- _WORK INSTRUCTIONS_
Reproduce the opening lines of the records exactly, please, stopping after the line that contains "Проверка емкости запуска".

(Source records)
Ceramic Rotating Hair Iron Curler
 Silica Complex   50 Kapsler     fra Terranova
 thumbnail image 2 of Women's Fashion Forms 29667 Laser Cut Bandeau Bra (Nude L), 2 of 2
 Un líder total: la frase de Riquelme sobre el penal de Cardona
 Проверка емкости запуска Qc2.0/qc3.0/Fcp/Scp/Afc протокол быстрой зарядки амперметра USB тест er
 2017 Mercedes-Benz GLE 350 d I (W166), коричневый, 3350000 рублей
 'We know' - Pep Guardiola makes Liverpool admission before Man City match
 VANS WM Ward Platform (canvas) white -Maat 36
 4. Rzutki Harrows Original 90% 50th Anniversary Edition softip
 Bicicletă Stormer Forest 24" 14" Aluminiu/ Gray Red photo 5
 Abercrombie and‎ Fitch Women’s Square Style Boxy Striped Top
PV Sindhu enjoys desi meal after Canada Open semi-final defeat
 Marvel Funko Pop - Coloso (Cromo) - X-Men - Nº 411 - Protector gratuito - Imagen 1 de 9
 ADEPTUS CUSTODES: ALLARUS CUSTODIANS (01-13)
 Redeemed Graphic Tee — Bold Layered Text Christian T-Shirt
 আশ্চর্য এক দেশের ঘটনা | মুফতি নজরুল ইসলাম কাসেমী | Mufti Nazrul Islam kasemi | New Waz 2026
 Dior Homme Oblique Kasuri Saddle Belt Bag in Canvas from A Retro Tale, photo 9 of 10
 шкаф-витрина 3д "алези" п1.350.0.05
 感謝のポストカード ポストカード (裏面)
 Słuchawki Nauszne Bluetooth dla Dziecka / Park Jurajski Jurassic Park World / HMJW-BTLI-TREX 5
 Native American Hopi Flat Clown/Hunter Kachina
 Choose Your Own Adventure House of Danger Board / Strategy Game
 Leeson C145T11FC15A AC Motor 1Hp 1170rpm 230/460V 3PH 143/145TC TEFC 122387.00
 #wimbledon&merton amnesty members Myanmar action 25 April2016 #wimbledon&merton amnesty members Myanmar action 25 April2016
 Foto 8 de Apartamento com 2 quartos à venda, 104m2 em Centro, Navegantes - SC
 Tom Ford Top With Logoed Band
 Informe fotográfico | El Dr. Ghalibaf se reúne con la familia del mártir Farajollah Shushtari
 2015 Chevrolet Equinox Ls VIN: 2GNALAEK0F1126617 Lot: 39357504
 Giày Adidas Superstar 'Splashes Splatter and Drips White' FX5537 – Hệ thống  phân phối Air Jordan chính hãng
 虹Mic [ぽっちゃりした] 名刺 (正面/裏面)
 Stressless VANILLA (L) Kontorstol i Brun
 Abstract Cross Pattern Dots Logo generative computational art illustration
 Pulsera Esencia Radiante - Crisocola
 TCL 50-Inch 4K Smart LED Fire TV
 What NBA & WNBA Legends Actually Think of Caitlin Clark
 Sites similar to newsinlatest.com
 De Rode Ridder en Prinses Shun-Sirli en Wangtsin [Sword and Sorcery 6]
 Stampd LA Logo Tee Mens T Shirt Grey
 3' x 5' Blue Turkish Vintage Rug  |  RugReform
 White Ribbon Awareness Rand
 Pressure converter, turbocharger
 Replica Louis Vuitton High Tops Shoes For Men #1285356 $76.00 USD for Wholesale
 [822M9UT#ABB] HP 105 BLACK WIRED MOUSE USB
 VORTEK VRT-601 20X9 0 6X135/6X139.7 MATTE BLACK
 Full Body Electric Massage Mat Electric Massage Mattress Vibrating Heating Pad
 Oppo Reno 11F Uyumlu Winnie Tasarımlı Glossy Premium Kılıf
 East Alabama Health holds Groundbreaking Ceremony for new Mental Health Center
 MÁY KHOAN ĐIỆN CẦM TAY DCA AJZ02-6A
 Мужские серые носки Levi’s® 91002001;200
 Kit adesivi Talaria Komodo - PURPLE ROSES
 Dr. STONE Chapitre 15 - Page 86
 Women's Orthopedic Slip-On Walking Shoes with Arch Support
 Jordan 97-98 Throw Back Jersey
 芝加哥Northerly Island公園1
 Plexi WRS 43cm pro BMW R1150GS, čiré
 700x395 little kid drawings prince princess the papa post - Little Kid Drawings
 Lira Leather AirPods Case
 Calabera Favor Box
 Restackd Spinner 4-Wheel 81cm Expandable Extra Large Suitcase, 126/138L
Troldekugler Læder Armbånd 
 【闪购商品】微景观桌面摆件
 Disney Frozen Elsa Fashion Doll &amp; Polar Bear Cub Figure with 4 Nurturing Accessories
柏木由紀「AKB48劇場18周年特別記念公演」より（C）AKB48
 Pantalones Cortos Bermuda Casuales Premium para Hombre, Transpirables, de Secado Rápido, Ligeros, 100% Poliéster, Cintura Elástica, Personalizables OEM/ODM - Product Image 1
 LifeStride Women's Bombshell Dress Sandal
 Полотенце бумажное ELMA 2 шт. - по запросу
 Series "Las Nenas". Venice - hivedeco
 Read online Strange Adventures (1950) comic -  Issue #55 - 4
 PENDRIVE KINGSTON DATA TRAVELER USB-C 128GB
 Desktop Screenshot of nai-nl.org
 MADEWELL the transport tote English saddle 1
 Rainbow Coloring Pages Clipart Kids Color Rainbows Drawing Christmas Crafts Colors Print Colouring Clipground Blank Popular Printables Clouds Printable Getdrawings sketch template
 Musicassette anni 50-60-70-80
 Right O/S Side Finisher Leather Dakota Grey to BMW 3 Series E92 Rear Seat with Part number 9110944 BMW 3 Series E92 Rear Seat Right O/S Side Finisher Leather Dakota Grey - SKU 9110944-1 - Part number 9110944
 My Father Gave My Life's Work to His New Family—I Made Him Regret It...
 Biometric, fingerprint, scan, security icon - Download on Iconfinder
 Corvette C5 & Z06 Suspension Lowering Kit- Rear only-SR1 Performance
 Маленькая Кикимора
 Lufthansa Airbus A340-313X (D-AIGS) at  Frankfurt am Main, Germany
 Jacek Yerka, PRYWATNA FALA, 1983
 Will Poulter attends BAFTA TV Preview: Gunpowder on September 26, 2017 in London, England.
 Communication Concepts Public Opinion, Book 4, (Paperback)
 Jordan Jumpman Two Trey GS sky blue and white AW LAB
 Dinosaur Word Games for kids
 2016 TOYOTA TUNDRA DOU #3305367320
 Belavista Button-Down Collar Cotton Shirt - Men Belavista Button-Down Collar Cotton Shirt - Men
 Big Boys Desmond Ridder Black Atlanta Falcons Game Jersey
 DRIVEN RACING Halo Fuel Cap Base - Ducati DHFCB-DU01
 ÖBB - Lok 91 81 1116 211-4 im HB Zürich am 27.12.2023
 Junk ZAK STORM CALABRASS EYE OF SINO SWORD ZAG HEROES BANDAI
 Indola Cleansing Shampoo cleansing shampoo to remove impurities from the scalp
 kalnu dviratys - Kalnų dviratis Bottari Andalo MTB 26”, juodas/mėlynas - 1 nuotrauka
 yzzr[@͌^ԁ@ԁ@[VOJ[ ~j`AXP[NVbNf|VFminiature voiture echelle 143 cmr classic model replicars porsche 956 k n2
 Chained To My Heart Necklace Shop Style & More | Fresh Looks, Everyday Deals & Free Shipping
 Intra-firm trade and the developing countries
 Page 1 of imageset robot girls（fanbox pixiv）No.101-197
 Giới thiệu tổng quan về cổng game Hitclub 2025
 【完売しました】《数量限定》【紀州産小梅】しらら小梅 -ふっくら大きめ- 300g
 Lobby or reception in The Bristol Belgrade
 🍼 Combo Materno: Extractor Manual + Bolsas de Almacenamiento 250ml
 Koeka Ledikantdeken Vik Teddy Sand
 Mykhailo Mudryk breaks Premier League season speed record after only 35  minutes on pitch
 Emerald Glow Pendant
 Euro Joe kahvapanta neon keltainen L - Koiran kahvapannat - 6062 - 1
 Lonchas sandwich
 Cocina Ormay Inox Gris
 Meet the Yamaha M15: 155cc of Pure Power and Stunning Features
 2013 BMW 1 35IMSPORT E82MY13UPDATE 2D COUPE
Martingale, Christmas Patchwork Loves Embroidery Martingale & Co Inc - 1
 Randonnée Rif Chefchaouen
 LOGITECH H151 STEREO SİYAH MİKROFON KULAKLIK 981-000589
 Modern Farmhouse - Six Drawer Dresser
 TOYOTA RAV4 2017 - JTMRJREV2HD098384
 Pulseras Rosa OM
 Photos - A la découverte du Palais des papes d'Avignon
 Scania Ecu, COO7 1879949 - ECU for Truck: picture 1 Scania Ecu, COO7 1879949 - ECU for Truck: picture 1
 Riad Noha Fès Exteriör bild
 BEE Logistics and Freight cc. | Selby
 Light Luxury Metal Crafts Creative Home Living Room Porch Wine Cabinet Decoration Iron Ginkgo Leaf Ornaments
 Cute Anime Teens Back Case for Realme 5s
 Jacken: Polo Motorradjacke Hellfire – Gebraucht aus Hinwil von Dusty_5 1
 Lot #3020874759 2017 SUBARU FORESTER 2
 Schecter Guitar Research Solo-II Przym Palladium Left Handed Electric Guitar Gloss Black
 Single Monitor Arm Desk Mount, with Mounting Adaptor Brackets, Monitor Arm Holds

- _FINAL ANSWER_
Ceramic Rotating Hair Iron Curler
 Silica Complex   50 Kapsler     fra Terranova
 thumbnail image 2 of Women's Fashion Forms 29667 Laser Cut Bandeau Bra (Nude L), 2 of 2
 Un líder total: la frase de Riquelme sobre el penal de Cardona
 Проверка емкости запуска Qc2.0/qc3.0/Fcp/Scp/Afc протокол быстрой зарядки амперметра USB тест er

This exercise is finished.